Let $x_1, x_2, \ldots,x_n$ be a simple random sample from a random variable $X$ with support $\{0,1,2,3,4\}$ and probability function $p(0)=\frac{5}{12}(1-\lambda)^2$, $p(1)=\lambda$, $p(2)=\lambda(1-\lambda)$, $p(3)=\frac{1}{3}(1-\lambda)^2$ and $p(4)=\frac{1}{4}(1-\lambda)^2$, where $\lambda$ is a parameter $\in(0,1)$.
Is this estimator $$\hat \lambda=1+\frac{n}{n+1}-\bar X$$
unbiased and consistent for $\lambda$? $\bar X$ is sample mean.

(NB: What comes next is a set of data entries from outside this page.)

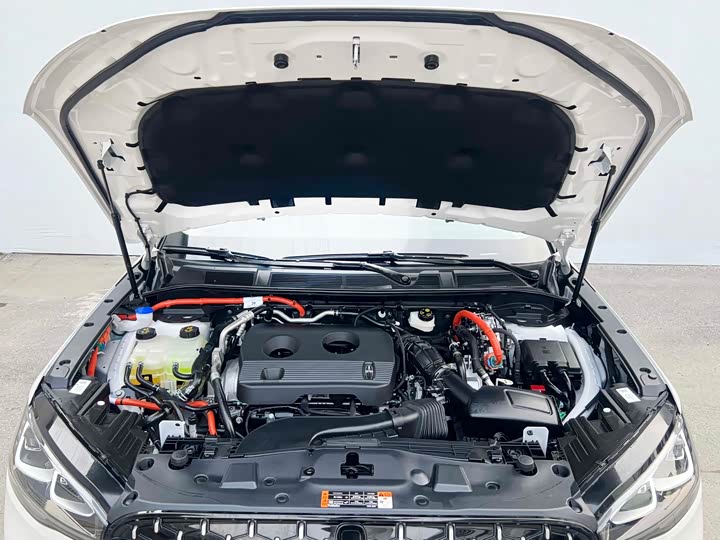 Lincoln Corsair 2024 2024款 1.5T 两驱尊享混动版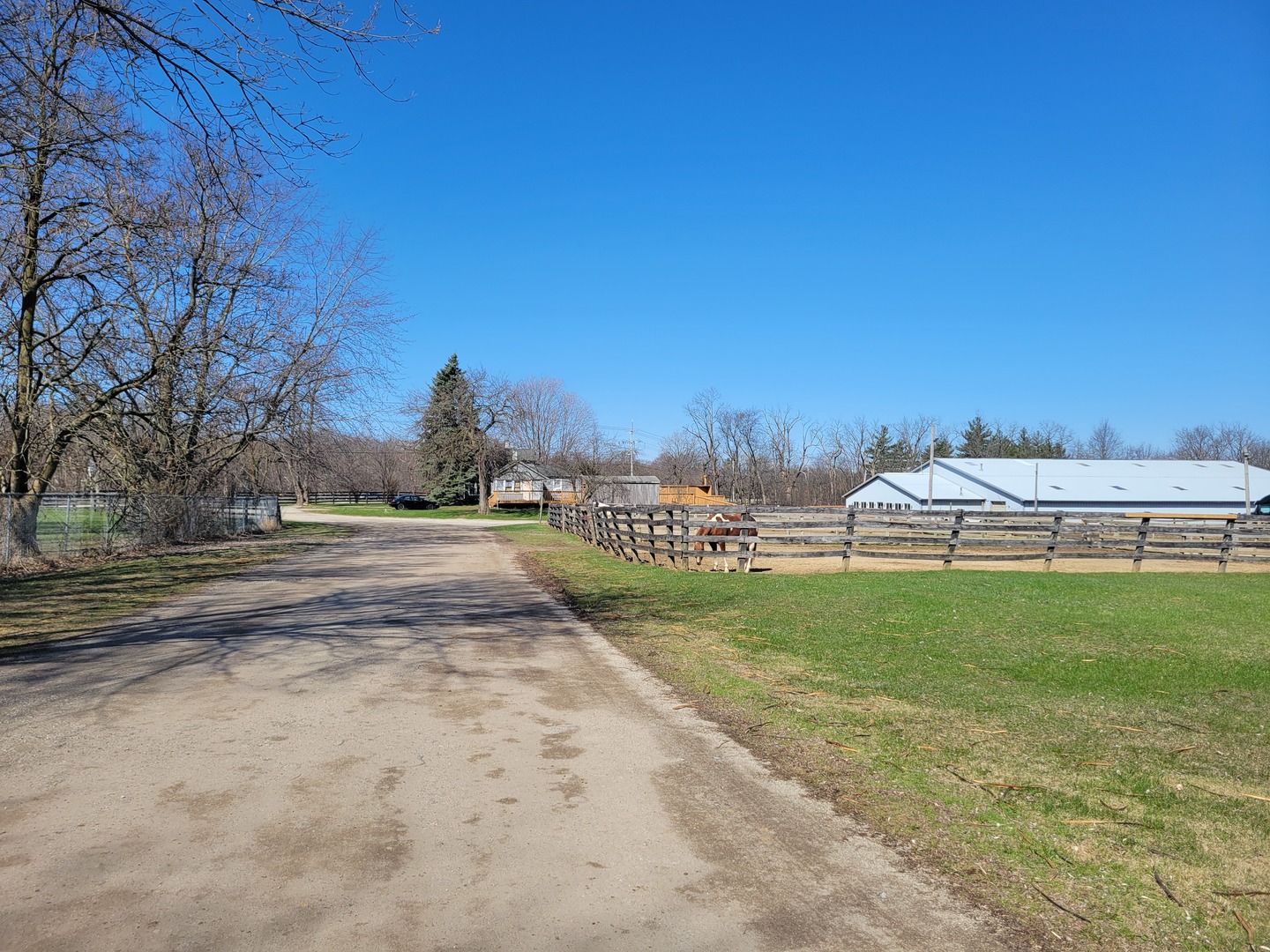 26011 North Rand Road Lake Zurich, IL 60047 - Photo 11 of 15 a view of a yard with an trees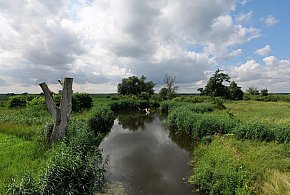 Co dalej z nowym parkiem narodowym? Minister klimatu zdradza plan po wecie-104714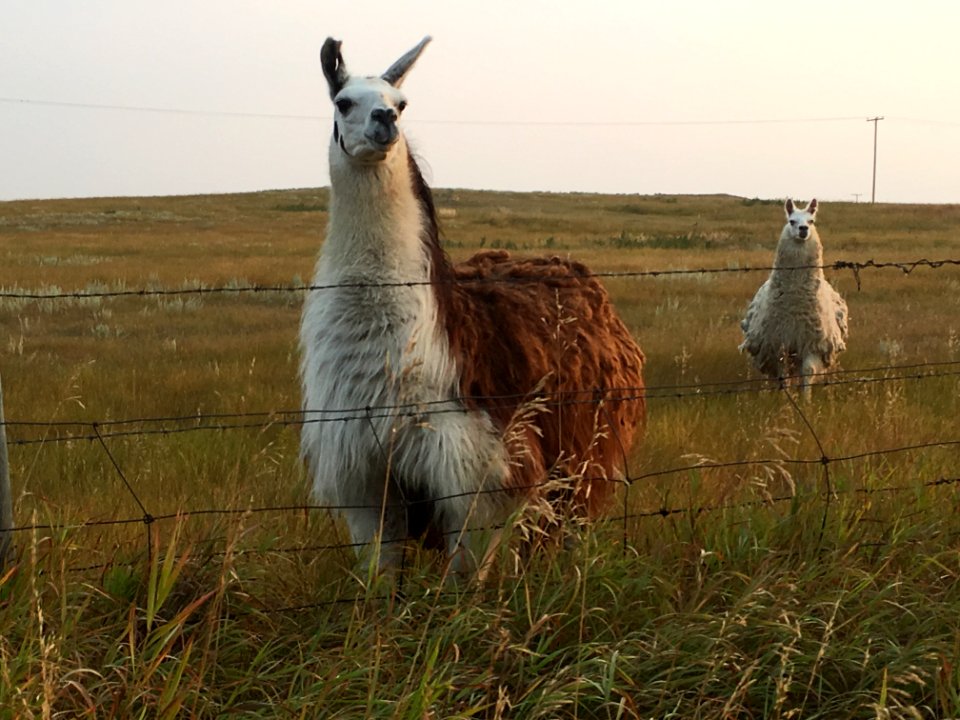2018/365/236 The Llamas Who Say "Ni!" Demand a Shrubbery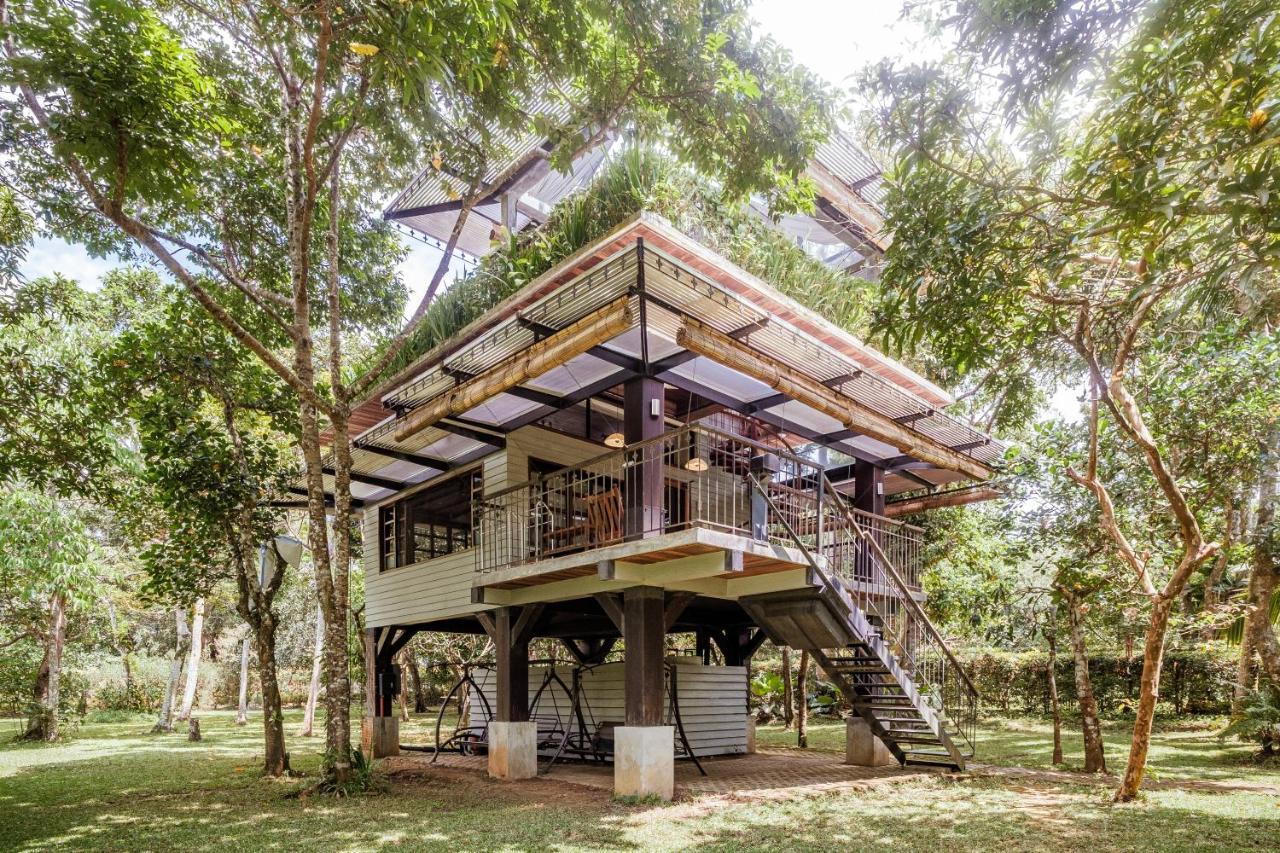 Pintoresco Anuling Phòng bức ảnh
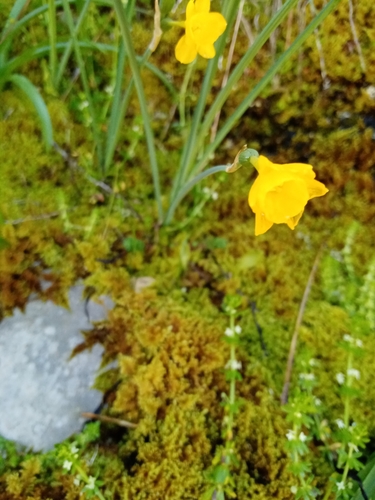 Narcissus calcicola, photograph 5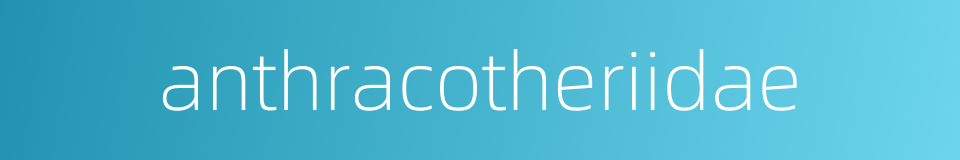 anthracotheriidae的同义词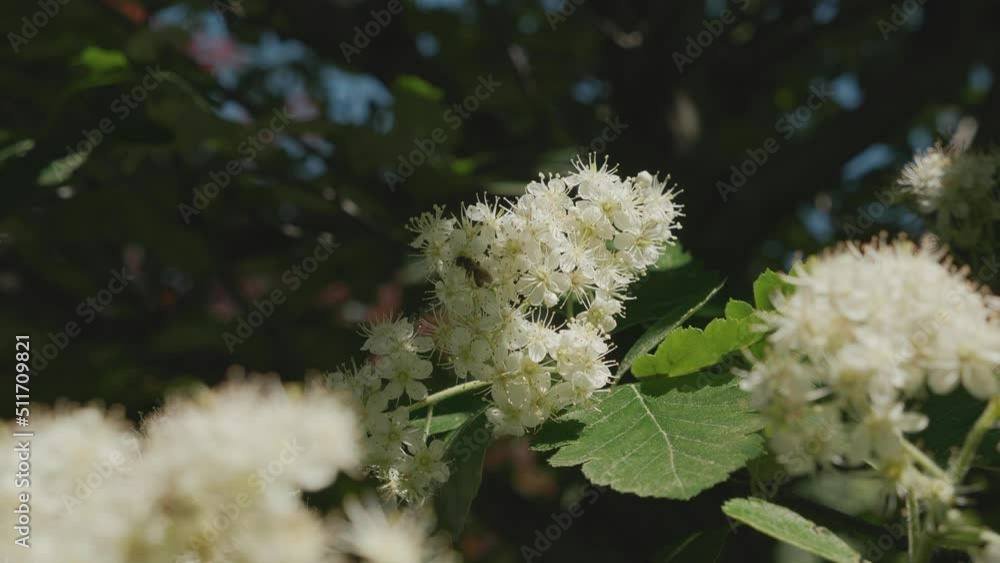 Slow motion, tree branch with green leaves and inflorescences with beautiful white bush flowers swaying in wind, bee sitting on blossom, crawling and looking for pollen, collecting nectar, close-up. Slow motion, tree branch with green leaves and inflorescences with beautiful white bush flowers swaying in wind, bee sitting on blossom, crawling and looking for pollen, collecting nectar, close-up.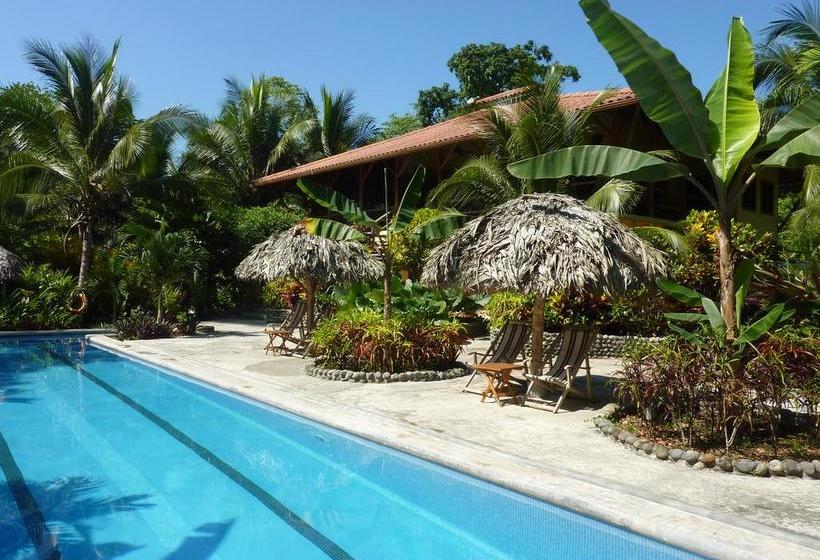 Bed and Breakfast Bluff Beach Retreat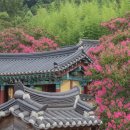 경암역 | 군산 여행 필수코스 하루만에 즐기기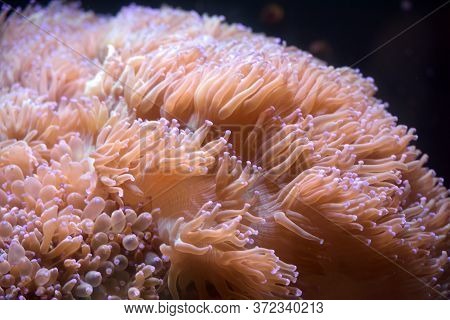 Glowing Algae (seaweed) In Aquarium On Dack Background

The expectation of $X$ is:
$$\mathbb{E}(X)=0\cdot\frac{5}{12}(1-\lambda)^2+1\cdot\lambda+2\cdot\lambda(1-\lambda)+3\cdot\frac{1}{3}(1-\lambda)^2+4\cdot\frac{1}{4}(1-\lambda)^2=2-\lambda$$
Now, the expectation of $\hat \lambda$ should be:
$$\mathbb{E}(\hat \lambda)=\mathbb{E}\left(1+\frac{n}{n+1}-\bar X\right)=1+\frac{n}{n+1}-(2-\lambda)$$
thus the estimator is biased.
For consistency we need $\lim_{n \to \infty}\mathbb{E}(\hat \lambda)=\lambda$ and $\lim_{n \to \infty}\mathbb{Var}(\hat \lambda)=0$, so:
$$\lim_{n \to \infty}\mathbb{E}(\hat \lambda)=\lim_{n \to \infty}\left(1+\frac{n}{n+1}-(2-\lambda)\right)=\lambda$$
How can I find $\mathbb{Var}(\hat \lambda)$?
First edit
Based on Michael's suggestion:
$\mathbb{Var}(X)=\mathbb{E}(X^2)-(\mathbb{E}(X))^2=\left(0\cdot\frac{5}{12}(1-\lambda)^2+1^2\cdot\lambda+2^2\cdot\lambda(1-\lambda)+3^2\cdot\frac{1}{3}(1-\lambda)^2+4^2\cdot\frac{1}{4}(1-\lambda)^2\right)-(2-\lambda)^2=3-5\lambda+2\lambda^2$.
$\mathbb{Var}(\widehat\lambda)=\dfrac{3-5\lambda+2\lambda^2}{n}$ so $\lim_{n \to \infty}\mathbb{Var}(\hat \lambda)=0$